▶ **Work to be completed**
Everything from the line with "Picture of SHEGLAM" to the line with "Volkswagen Polo VI" in the listing below, both lines included, needs to be copied exactly, apart from the pictures.

[[ Provided information open ]]

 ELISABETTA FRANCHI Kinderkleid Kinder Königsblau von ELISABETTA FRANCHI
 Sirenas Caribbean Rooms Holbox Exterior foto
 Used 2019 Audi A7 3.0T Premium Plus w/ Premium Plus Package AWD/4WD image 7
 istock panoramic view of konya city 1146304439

[[ Provided information closed ]]
[[ Provided information open ]]

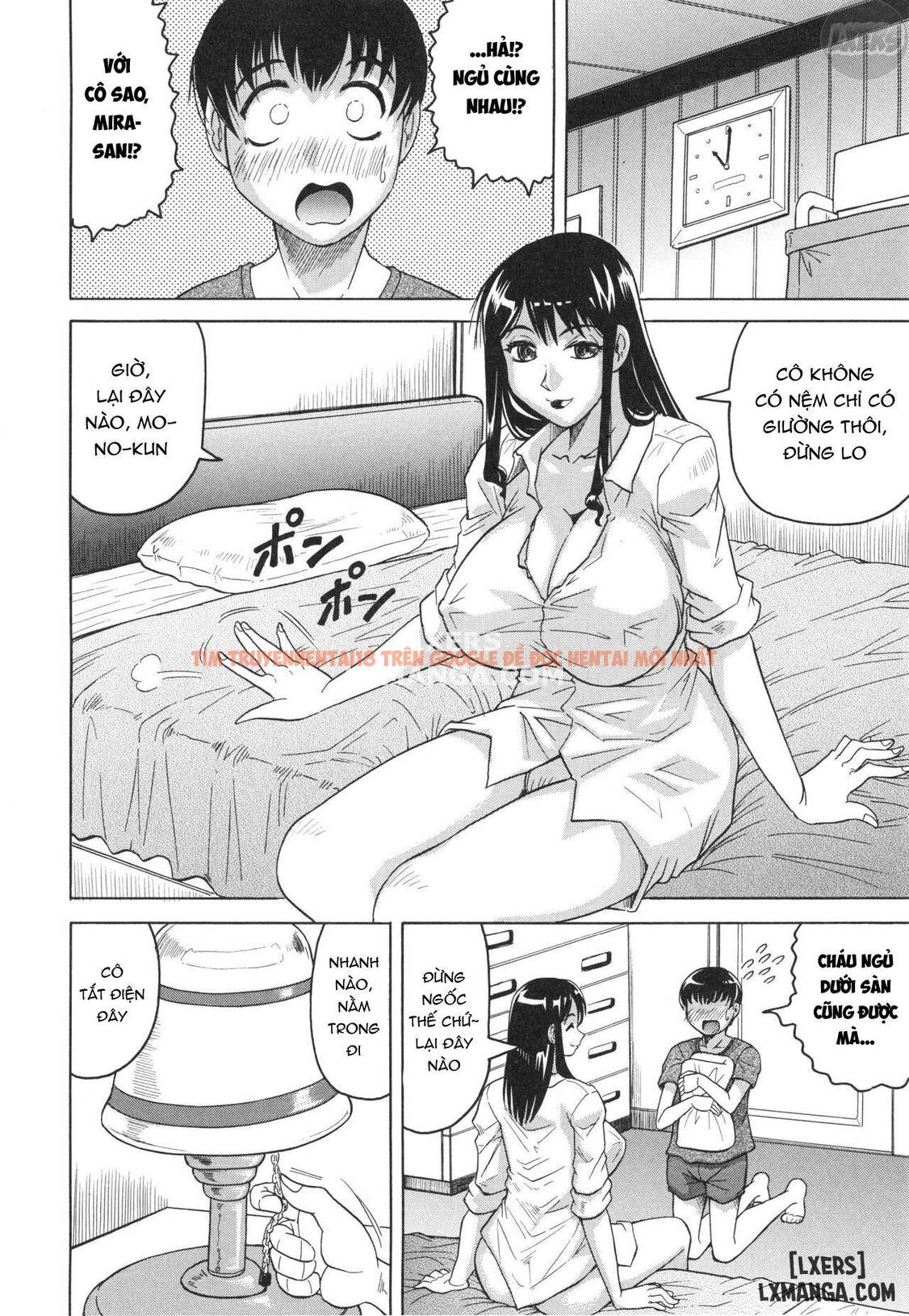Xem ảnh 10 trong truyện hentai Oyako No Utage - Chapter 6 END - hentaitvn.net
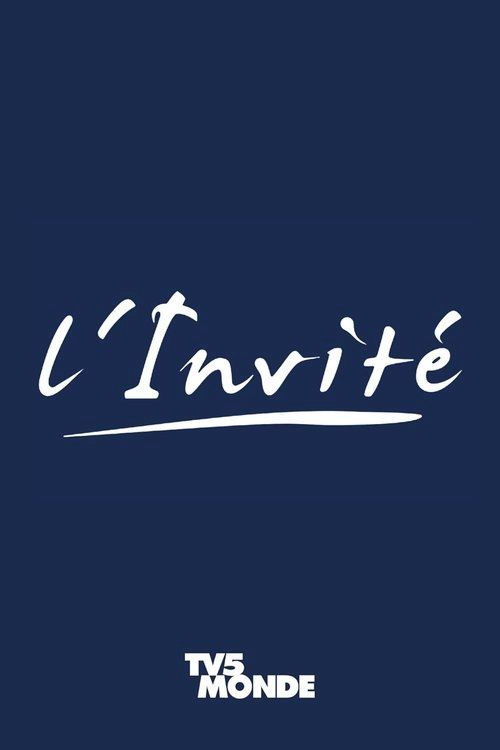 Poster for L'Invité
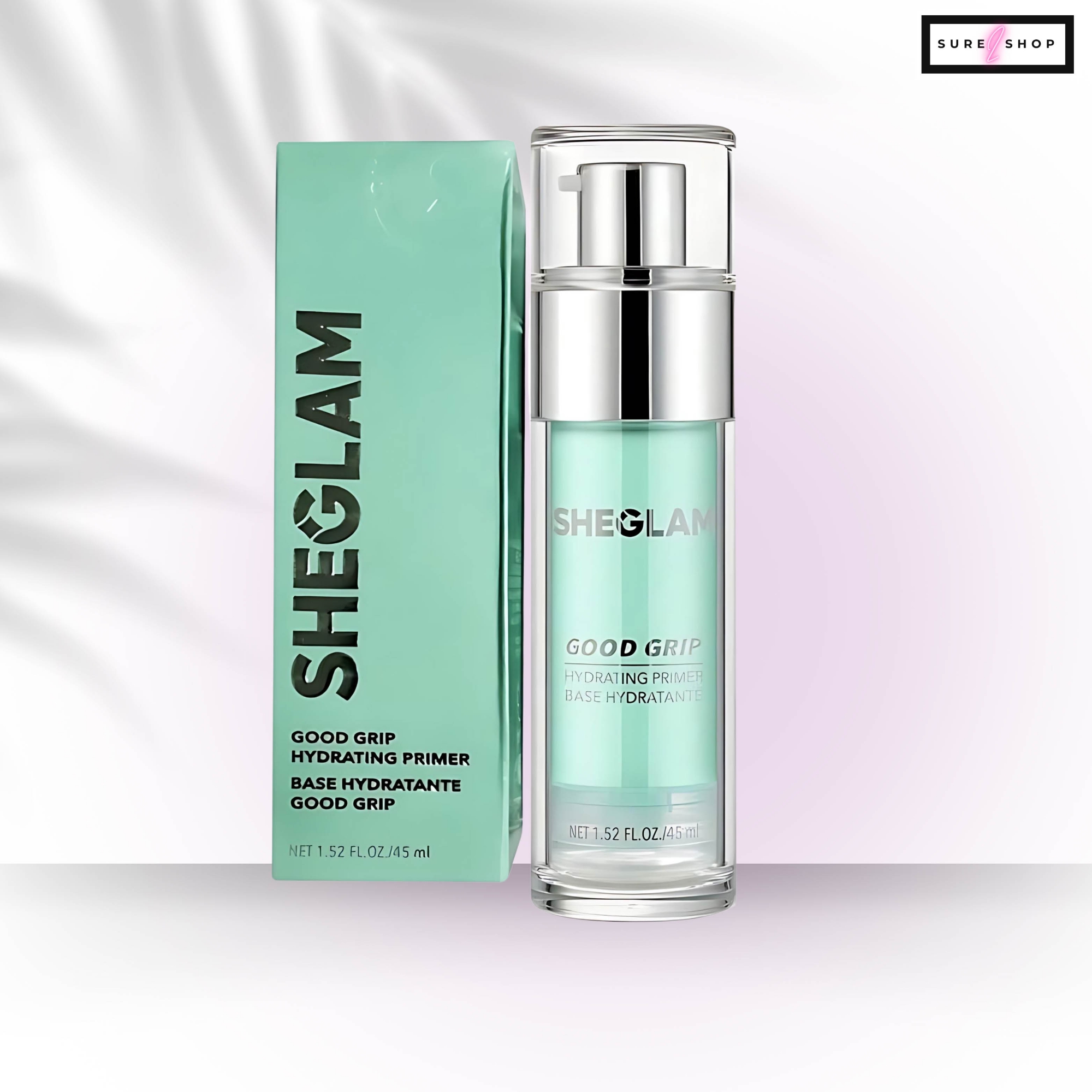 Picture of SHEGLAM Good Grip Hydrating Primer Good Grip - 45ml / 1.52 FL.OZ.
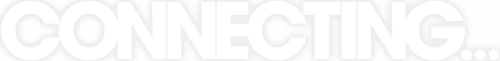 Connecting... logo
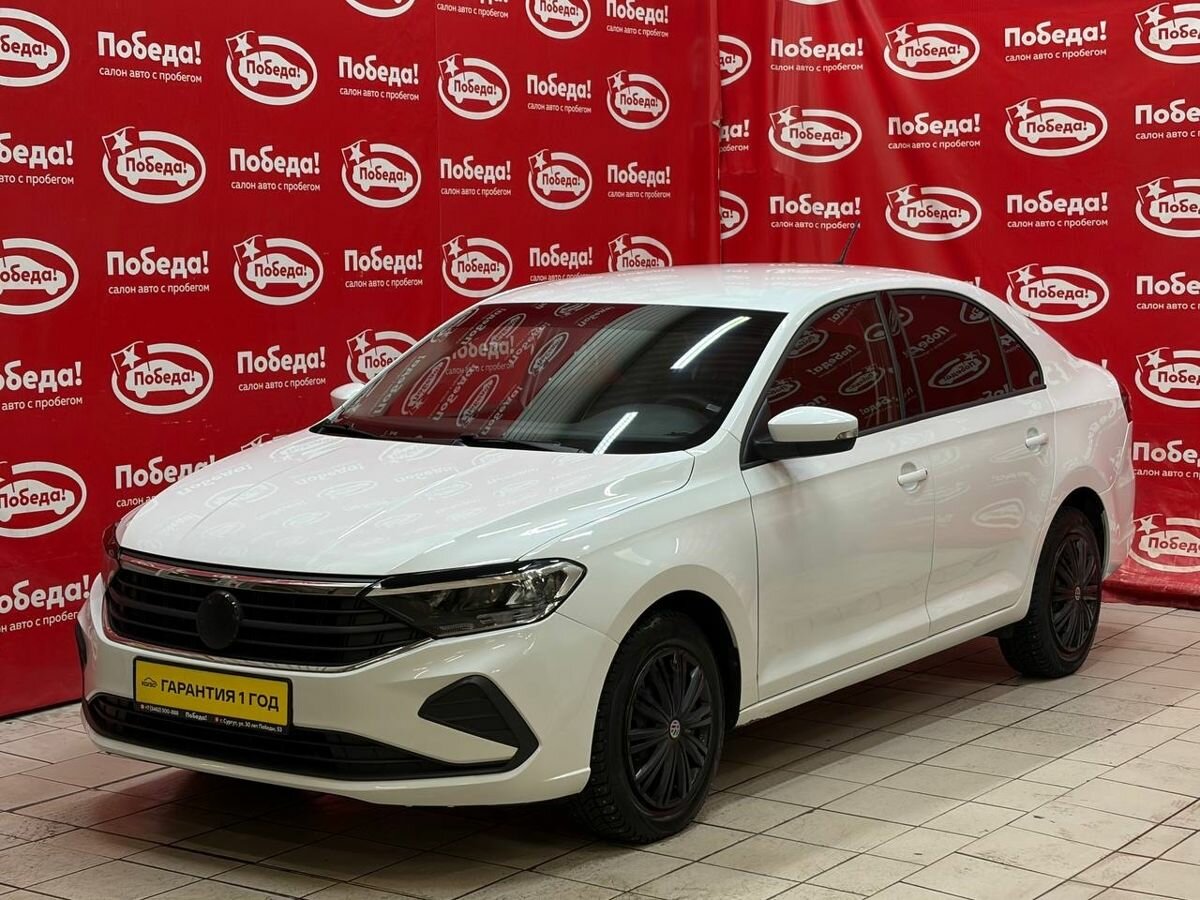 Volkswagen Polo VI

[[ Provided information closed ]]

▶ **Answer for this exercise**
 Picture of SHEGLAM Good Grip Hydrating Primer Good Grip - 45ml / 1.52 FL.OZ.
 Connecting... logo
 Volkswagen Polo VI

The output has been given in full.